In the past, the Internet served as a forest of Islamist propaganda for Muslims in Europe, who needed extremist imams or mosques to bridge the gap between them and terror groups. That bridge has disappeared. Personal meetings are no longer necessary, and the new generation needs only a virtual network to progress from radicalization to joining and acting.
Worse still, in the past, suspects were mainly from Muslim backgrounds or children of Muslim immigrants, but recent months have shown that radicalization has reached German or French teenagers with no ties to Islam or immigrant backgrounds. This is in addition to youth born in Europe but raised in parallel Muslim societies, disconnected from where they were born and raised, primarily consuming information from extremists online or Al Jazeera.
In March, a 15-year-old attacked a 50-year-old Orthodox Jew in Zurich, Switzerland, shouting "Death to Jews." After the attack, a video emerged of the Swiss boy, originally from Tunisia, pledging allegiance to IS and vowing jihad against Jews and attacks on synagogues.
In Germany, a terrorist cell was uncovered in April, leading to the arrest of two girls aged 15 and 16 and a 15-year-old boy from Düsseldorf. Wiretaps of their private chat group revealed plans to act for the “Islamic nation” by attacking churches and police stations to kill as many people as possible. The investigation found they were radicalized online, collected Molotov cocktails and stabbing tools and planned to buy firearms to stage an attack on Cologne's famous cathedral.
In May, a 14-year-old girl from Montenegro was arrested in Austria after buying a knife and ax in Graz, intending to commit a terror attack. Her computer contained Islamic State propaganda and incitement materials. Several French youths were also detained by security forces for planning attacks during the Paris Olympics.
Part of the shift to virtual recruitment is tied to the territorial defeat and dismantling of the Islamic State in Iraq and Syria in 2019. The idea lives on in the virtual cloud, prompting recruiters to scour social media for users interested in their cause.

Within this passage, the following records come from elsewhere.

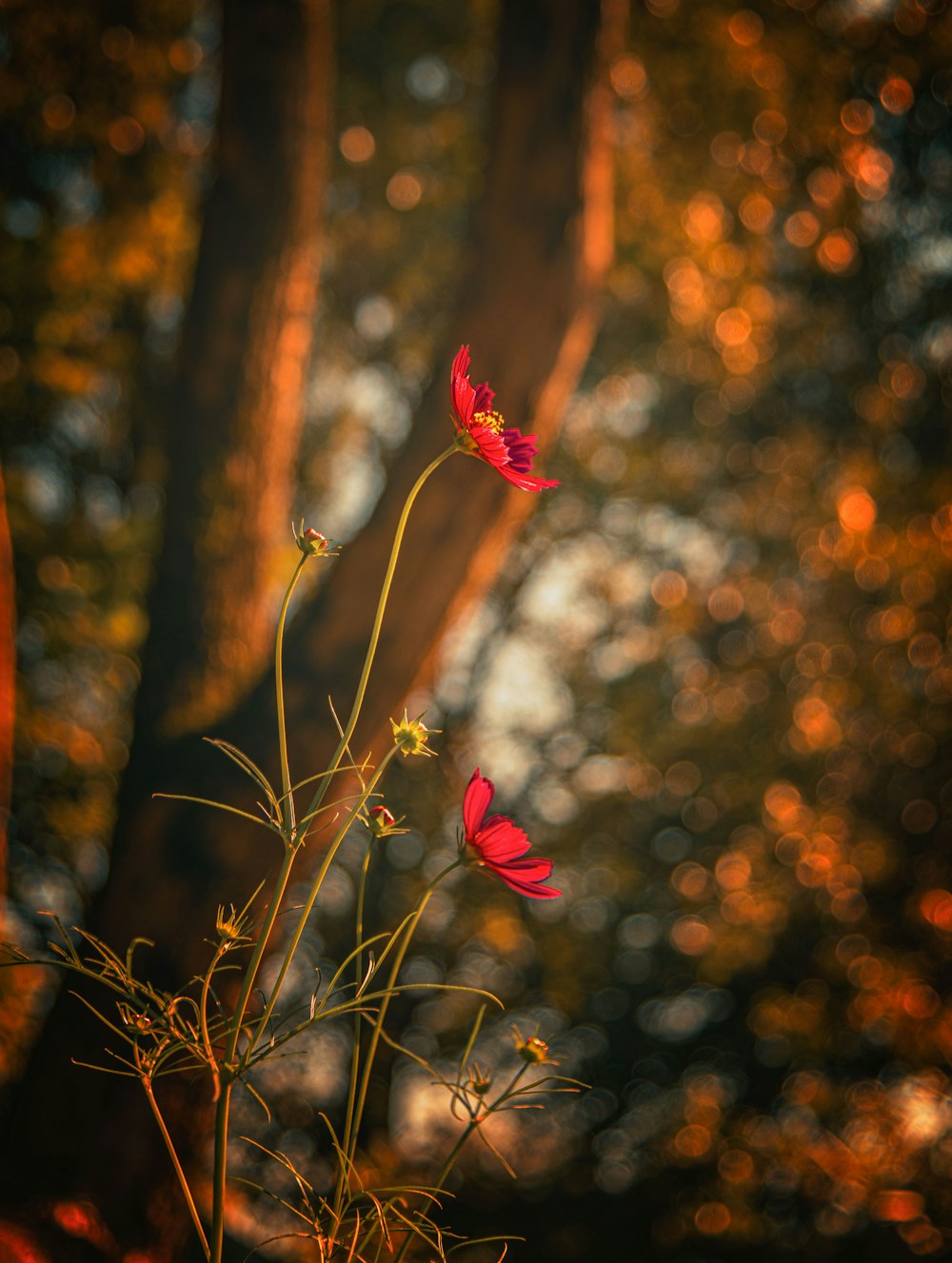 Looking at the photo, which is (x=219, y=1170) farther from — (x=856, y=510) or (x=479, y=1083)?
(x=856, y=510)

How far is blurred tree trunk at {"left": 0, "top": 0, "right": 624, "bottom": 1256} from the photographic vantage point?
1.82 metres

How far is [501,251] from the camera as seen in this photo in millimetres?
1979

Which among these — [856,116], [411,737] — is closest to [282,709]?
[411,737]

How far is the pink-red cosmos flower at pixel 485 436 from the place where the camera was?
592 mm

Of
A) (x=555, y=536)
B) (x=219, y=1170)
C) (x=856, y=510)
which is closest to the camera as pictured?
(x=219, y=1170)

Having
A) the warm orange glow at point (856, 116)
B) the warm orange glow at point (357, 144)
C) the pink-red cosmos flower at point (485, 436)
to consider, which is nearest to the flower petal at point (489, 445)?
the pink-red cosmos flower at point (485, 436)

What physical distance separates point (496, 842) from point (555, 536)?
393cm

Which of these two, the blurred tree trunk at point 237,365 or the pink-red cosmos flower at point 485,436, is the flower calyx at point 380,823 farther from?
the blurred tree trunk at point 237,365

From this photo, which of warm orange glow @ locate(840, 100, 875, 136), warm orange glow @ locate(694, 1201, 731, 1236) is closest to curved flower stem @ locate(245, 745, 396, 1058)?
warm orange glow @ locate(840, 100, 875, 136)

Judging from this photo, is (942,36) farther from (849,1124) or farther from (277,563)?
(849,1124)

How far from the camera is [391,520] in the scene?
195 cm

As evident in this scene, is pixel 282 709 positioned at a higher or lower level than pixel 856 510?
higher

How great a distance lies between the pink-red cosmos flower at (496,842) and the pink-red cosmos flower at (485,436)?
20cm

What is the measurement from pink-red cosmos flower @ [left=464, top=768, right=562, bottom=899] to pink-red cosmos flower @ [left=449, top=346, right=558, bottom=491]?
0.20 meters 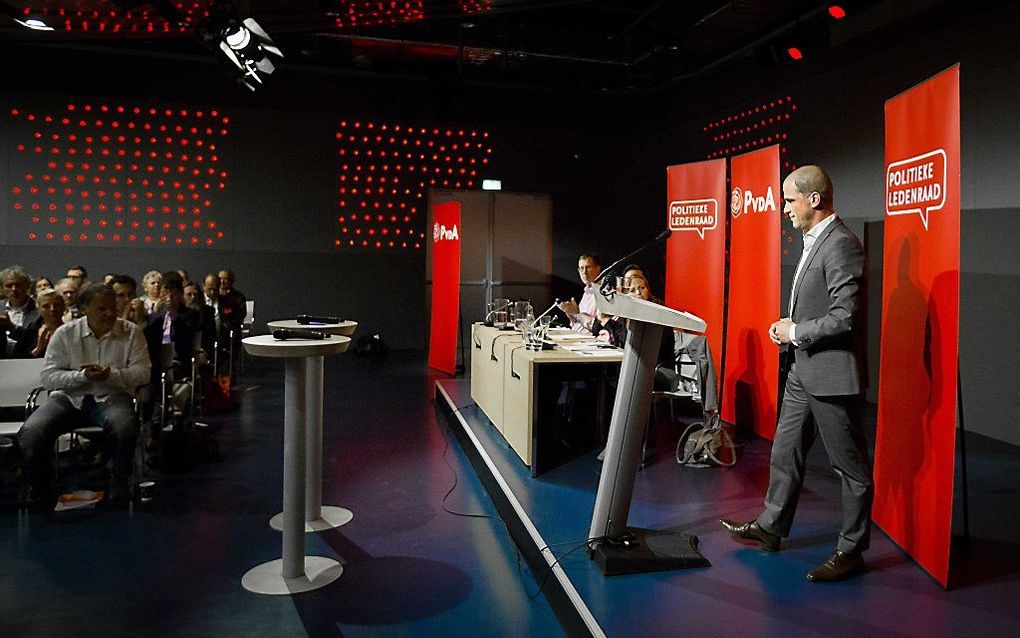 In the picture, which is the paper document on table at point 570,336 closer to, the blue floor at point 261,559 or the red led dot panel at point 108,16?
the blue floor at point 261,559

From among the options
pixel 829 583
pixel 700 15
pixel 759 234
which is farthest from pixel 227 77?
pixel 829 583

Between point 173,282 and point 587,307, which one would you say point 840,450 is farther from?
point 173,282

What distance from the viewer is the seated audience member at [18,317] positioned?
4.76 meters

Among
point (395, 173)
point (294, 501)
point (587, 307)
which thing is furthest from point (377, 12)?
point (294, 501)

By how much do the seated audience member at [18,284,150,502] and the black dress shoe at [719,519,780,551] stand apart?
313 cm

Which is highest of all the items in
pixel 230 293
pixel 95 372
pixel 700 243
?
pixel 700 243

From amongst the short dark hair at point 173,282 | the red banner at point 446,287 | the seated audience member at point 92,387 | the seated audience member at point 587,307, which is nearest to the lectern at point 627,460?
the seated audience member at point 587,307

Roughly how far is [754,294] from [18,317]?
5.22 metres

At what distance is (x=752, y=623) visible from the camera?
2371 mm

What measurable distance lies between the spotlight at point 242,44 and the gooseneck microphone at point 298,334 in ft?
14.2

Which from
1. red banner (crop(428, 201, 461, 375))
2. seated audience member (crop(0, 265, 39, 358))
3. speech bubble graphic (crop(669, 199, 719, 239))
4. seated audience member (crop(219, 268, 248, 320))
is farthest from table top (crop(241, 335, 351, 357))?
red banner (crop(428, 201, 461, 375))

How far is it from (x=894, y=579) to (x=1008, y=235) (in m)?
3.66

Western intelligence experts warn that recruitment is now harder to detect because recruits are not ideologically aligned with the terror group but fall victim to the cynical exploitation by adults seeking bored teenagers, particularly those marginalized in society and disillusioned with life, growing up in broken homes.
IS recruitment is not portrayed as violent enlistment for a political-religious cause but as a platform for venting frustrations with parents, teachers and society. It offers an outlet for their mundane lives and a chance at dubious "15 minutes of fame." The recruitment of youths accelerated due to propaganda efforts by IS affiliates in Afghanistan and Central Asia, whose aggressive campaigns have revived the Islamic State's prominence in discourse and intelligence reports.
The October 7 massacre and the ensuing Gaza war have also fueled activity on social media. Network algorithms, particularly on TikTok, have facilitated the dissemination of relevant war-related content, radicalization and recruitment of youth. Since October, terrorist activities and attempts have quadrupled compared to the same period last year.
"Allah will make breathing difficult for you if you consume Western culture," warns a Muslim preacher named Abdul Hamid in a video caught by intelligence agencies in Düsseldorf. The clip, viewed 60,000 times, is in German and features Salafist and Islamist propaganda.
The preachers are often not religious figures but online influencers who speak to Generation Z in their language. They are the first point of contact to lead listeners and viewers into the "Salafism bubble," where they are bombarded with propaganda and recruitment materials disguised as clips offering solutions to everyday problems, laced with constant religious messaging and clear rules, promising to guide the youth out of confusion and provide moral compasses.
These portals also foster identity and empathy with young people, portraying themselves as outsiders in society and culture, similar to Muslim believers. Islam becomes a platform for counterculture. For many youths, Islamic activists become father figures, someone they can trust.
The plans of the Austrian youths (with immigrant roots) arrested for plotting the attack at the Taylor Swift concert are chilling: alongside IS propaganda booklets, they gathered machetes, firecrackers, axes, knives and hammers. The 19-year-old got a job at a metal factory to procure chemicals, while the 17-year-old secured work at the stadium where they planned the attack. They even acquired a police siren to place on their car to reach the venue and carry out a massive suicide attack. Their encrypted text exchanges with their handlers were in coded language, avoiding keywords that could alert security services.
According to a report by terrorism expert Peter Neumann, 38 of 58 people arrested for IS-related activities since October were aged 13 to 19. Recruiters continue their efforts, needing to enlist only one out of thousands of virtual candidates. They know no one would suspect a 15-year-old boy or girl of committing such heinous acts. The attack on the Taylor Swift concert may have been thwarted, but the threat remains.
Franz Ruff, director general for public security in Vienna, explained that those arrested in the foiled Taylor Swift concert attack were radicalized online. He noted that communication among the plotters used codes to mislead surveillance agencies. "It's as if they were having conversations," he told journalists in Vienna.
The German newspaper Bild reported that the main suspect in the Taylor Swift concert plot was influenced by a well-known Islamist preacher online, Abdul Barah, who shifted to online preaching after his Berlin mosque had been closed, gaining tens of thousands of followers.